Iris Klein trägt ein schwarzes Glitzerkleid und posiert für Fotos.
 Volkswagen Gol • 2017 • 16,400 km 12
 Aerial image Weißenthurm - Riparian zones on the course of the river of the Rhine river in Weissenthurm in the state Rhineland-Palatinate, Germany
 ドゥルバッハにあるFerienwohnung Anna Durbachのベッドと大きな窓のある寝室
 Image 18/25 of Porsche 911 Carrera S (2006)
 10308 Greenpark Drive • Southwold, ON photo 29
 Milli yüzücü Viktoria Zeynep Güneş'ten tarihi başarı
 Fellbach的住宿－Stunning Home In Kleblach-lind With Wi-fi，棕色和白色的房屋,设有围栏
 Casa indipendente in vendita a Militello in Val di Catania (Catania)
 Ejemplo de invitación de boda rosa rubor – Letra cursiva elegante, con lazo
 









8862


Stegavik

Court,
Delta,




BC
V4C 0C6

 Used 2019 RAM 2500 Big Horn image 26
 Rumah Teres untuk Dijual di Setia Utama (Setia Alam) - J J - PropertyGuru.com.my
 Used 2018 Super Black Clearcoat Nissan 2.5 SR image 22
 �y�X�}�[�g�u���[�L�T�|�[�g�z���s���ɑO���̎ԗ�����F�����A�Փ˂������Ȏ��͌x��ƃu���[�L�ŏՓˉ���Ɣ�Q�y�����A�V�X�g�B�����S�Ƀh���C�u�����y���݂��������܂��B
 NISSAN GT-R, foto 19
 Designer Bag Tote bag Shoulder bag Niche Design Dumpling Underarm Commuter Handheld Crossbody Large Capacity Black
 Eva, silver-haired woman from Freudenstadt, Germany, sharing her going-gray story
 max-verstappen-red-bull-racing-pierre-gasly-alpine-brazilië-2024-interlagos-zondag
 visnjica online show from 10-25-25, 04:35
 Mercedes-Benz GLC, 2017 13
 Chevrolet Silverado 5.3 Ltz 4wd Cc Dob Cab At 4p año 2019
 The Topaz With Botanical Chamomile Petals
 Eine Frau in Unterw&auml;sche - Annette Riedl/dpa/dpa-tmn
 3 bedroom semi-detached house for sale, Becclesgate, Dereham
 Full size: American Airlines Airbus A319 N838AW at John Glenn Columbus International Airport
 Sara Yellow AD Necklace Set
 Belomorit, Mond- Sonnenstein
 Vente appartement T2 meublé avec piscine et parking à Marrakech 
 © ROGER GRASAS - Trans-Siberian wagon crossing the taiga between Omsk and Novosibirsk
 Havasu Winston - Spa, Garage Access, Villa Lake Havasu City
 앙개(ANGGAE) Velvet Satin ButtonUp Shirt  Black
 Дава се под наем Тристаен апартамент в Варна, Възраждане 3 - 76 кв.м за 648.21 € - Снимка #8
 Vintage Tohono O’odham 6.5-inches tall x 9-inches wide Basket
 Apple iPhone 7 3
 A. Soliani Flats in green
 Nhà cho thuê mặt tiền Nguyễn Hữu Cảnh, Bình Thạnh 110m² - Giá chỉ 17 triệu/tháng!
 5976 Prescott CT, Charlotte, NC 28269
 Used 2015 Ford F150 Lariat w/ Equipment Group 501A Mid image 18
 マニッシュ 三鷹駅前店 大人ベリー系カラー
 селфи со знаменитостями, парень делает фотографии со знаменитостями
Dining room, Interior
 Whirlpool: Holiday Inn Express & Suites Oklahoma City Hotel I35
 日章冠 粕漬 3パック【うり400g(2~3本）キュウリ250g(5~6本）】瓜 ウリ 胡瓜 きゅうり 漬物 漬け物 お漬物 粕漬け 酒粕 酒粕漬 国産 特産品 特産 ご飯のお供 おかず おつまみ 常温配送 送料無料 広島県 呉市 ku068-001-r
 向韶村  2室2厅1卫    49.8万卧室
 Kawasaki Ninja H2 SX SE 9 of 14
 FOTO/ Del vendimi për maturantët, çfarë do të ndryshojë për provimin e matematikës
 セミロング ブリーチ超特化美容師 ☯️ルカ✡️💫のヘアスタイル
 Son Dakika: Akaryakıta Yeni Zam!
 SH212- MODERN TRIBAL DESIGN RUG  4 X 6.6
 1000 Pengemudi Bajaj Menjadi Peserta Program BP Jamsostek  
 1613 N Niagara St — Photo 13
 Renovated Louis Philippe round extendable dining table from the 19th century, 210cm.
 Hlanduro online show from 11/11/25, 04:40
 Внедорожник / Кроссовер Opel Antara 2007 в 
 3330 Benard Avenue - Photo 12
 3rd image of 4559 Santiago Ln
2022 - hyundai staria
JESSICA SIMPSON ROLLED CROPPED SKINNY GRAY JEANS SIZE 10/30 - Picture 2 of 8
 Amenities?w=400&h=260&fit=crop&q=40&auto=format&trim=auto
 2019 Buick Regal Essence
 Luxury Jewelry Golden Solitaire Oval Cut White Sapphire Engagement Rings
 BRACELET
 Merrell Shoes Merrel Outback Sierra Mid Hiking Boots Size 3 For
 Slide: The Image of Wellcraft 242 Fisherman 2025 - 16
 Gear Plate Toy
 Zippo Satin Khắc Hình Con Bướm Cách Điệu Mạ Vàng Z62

● ● ● ● ●

Directions for this task => In the data above, find the line that contains "ドゥルバッハにあるFerienwohnung Anna Durbachのベッドと大きな窓のある寝室" and the line that contains "Used 2018 Super". Repeat exactly those lines and every line between them, and only those.

Result of this task =>
 ドゥルバッハにあるFerienwohnung Anna Durbachのベッドと大きな窓のある寝室
 Image 18/25 of Porsche 911 Carrera S (2006)
 10308 Greenpark Drive • Southwold, ON photo 29
 Milli yüzücü Viktoria Zeynep Güneş'ten tarihi başarı
 Fellbach的住宿－Stunning Home In Kleblach-lind With Wi-fi，棕色和白色的房屋,设有围栏
 Casa indipendente in vendita a Militello in Val di Catania (Catania)
 Ejemplo de invitación de boda rosa rubor – Letra cursiva elegante, con lazo
 









8862


Stegavik

Court,
Delta,




BC
V4C 0C6

 Used 2019 RAM 2500 Big Horn image 26
 Rumah Teres untuk Dijual di Setia Utama (Setia Alam) - J J - PropertyGuru.com.my
 Used 2018 Super Black Clearcoat Nissan 2.5 SR image 22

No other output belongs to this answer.